• DATASET CONTENT
____________________

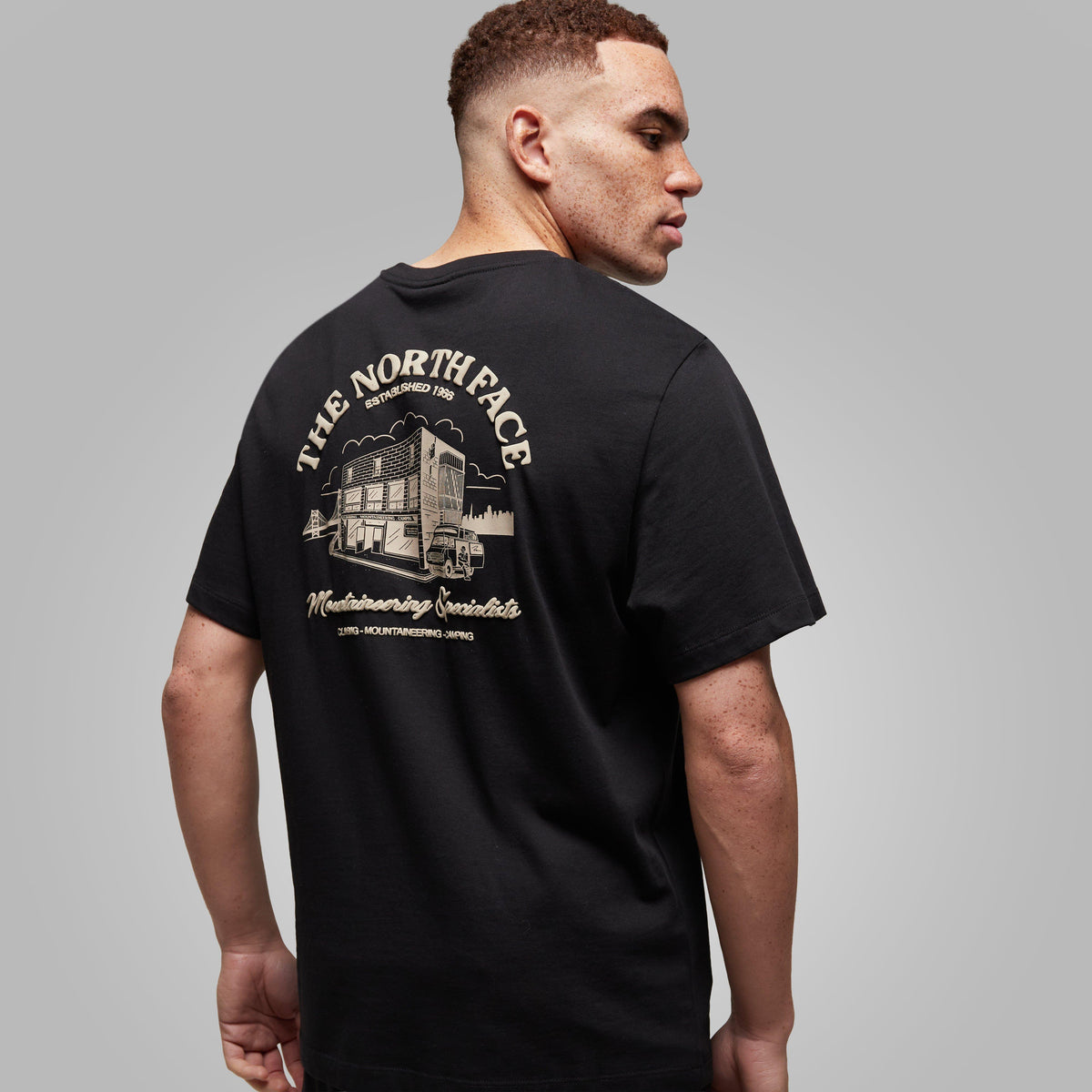 Men's Relaxed Short Sleeve Graphic T-Shirt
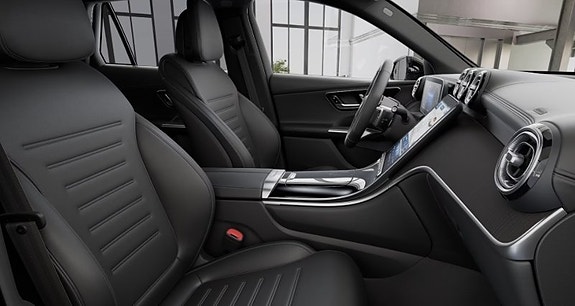 Mercedes-Benz GLC400 e 2 of 2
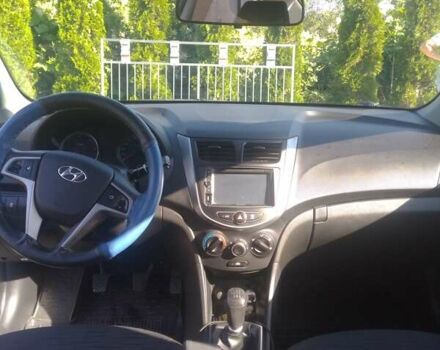 Хендай Акцент 2018 в Надворной на Automoto.ua Белый Хендай Акцент, объемом двигателя 1.58 л и пробегом 79 тыс. км за 11800 $, фото 3 на Automoto.ua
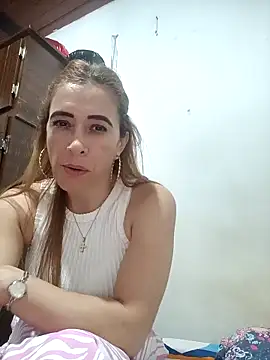 Snapshot of mademonsexy chatting on 11.23.25 mademonsexy online show from 11.23.25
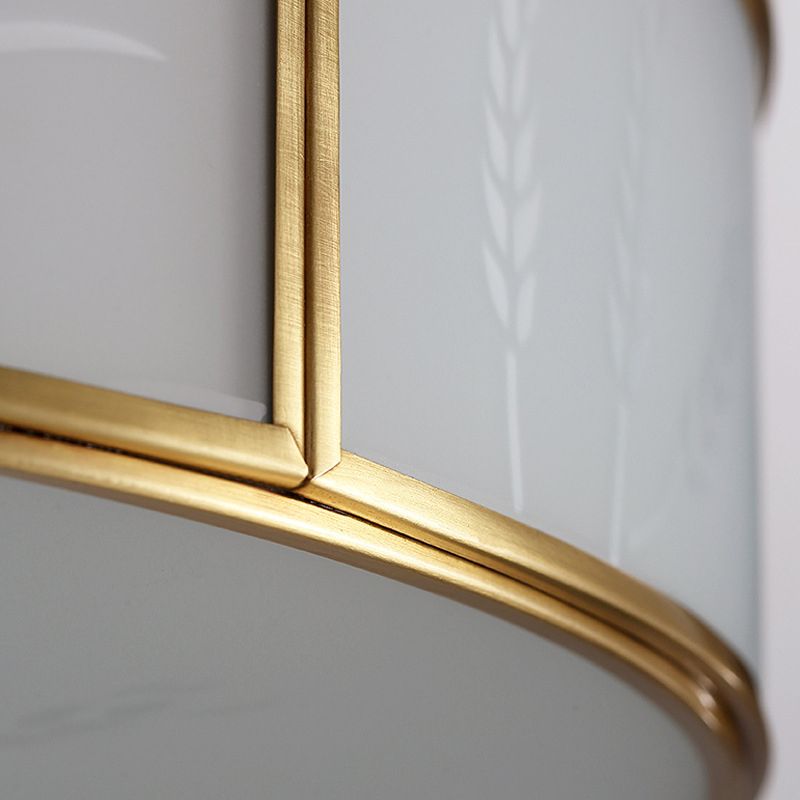 Plafonnier encastré traditionnel en verre opale en forme de cylindre pour chambre à coucher, doré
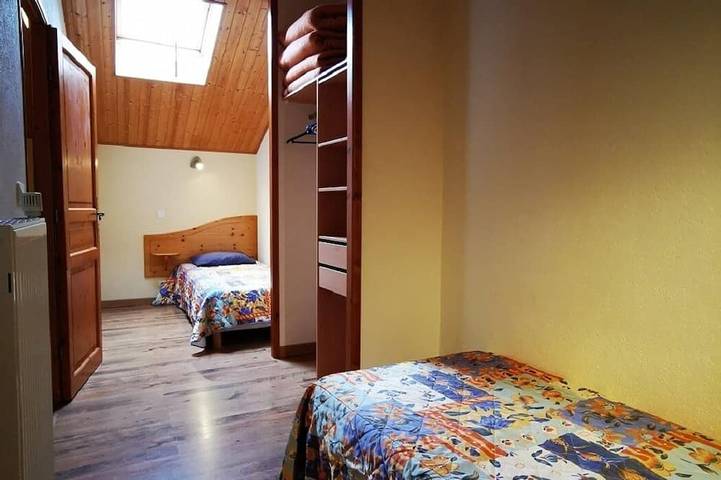 Gîte pour 6 personnes, avec jardin, animaux acceptés à Saint-Jean-Saint-Nicolas - 4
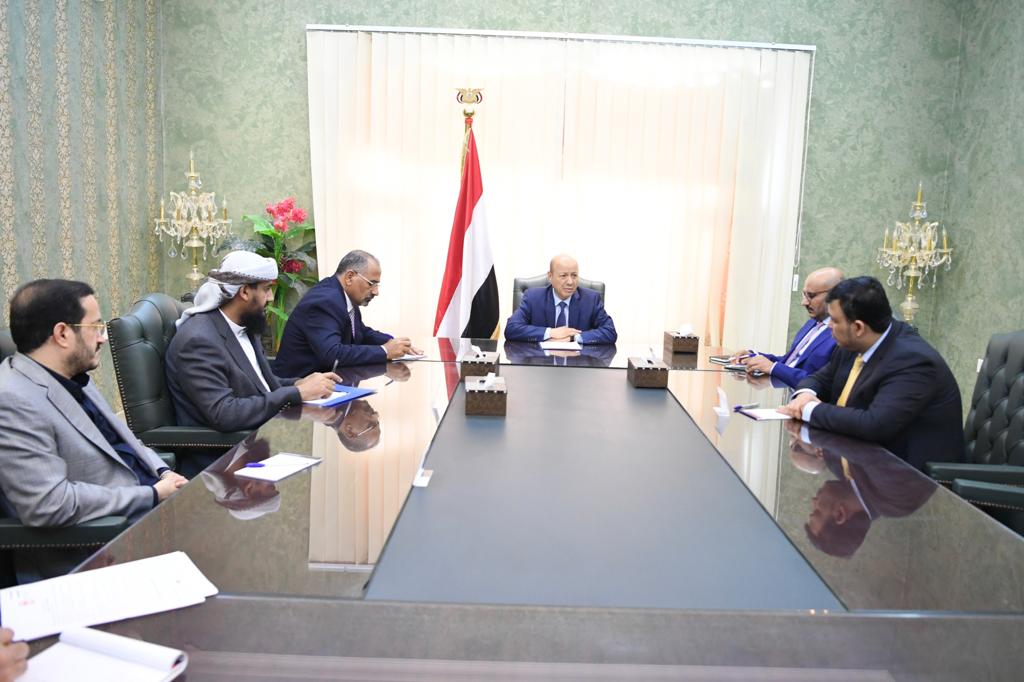 برئاسة الرئيس العليمي.. مجلس القيادة الرئاسي يناقش جملة من القضايا الوطنية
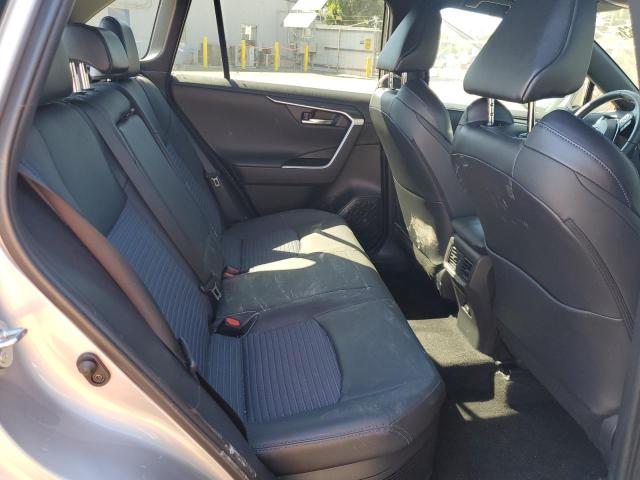 2T3E6RFV6MW027717 Toyota RAV4 XSE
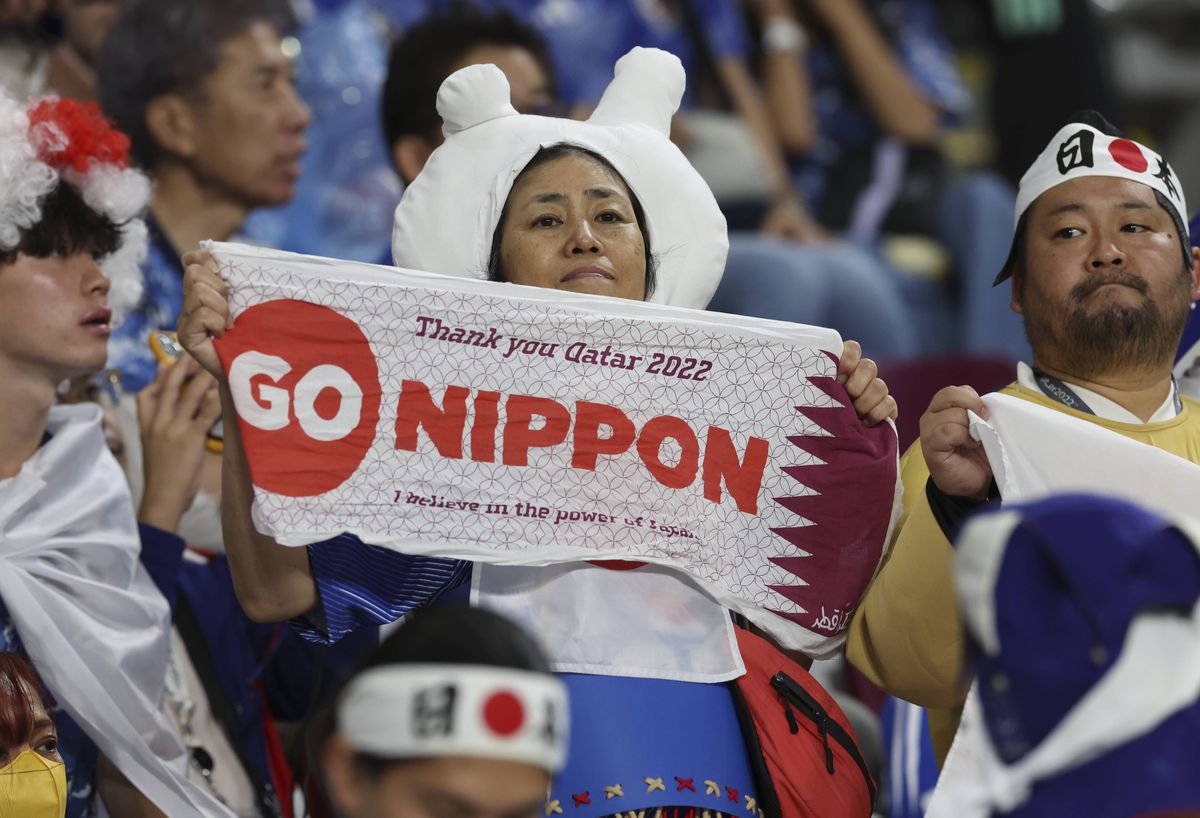 Cele mai ciudate apariții la Mondial! Fanii Japonei au uimit pe toată lumea contra Spaniei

____________________

• EXERCISE DIRECTIONS
Give back every record above word for word, dropping pictures.

• TASK RESULT
 Men's Relaxed Short Sleeve Graphic T-Shirt
 Mercedes-Benz GLC400 e 2 of 2
 Хендай Акцент 2018 в Надворной на Automoto.ua Белый Хендай Акцент, объемом двигателя 1.58 л и пробегом 79 тыс. км за 11800 $, фото 3 на Automoto.ua
 Snapshot of mademonsexy chatting on 11.23.25 mademonsexy online show from 11.23.25
 Plafonnier encastré traditionnel en verre opale en forme de cylindre pour chambre à coucher, doré
 Gîte pour 6 personnes, avec jardin, animaux acceptés à Saint-Jean-Saint-Nicolas - 4
 برئاسة الرئيس العليمي.. مجلس القيادة الرئاسي يناقش جملة من القضايا الوطنية
 2T3E6RFV6MW027717 Toyota RAV4 XSE
 Cele mai ciudate apariții la Mondial! Fanii Japonei au uimit pe toată lumea contra Spaniei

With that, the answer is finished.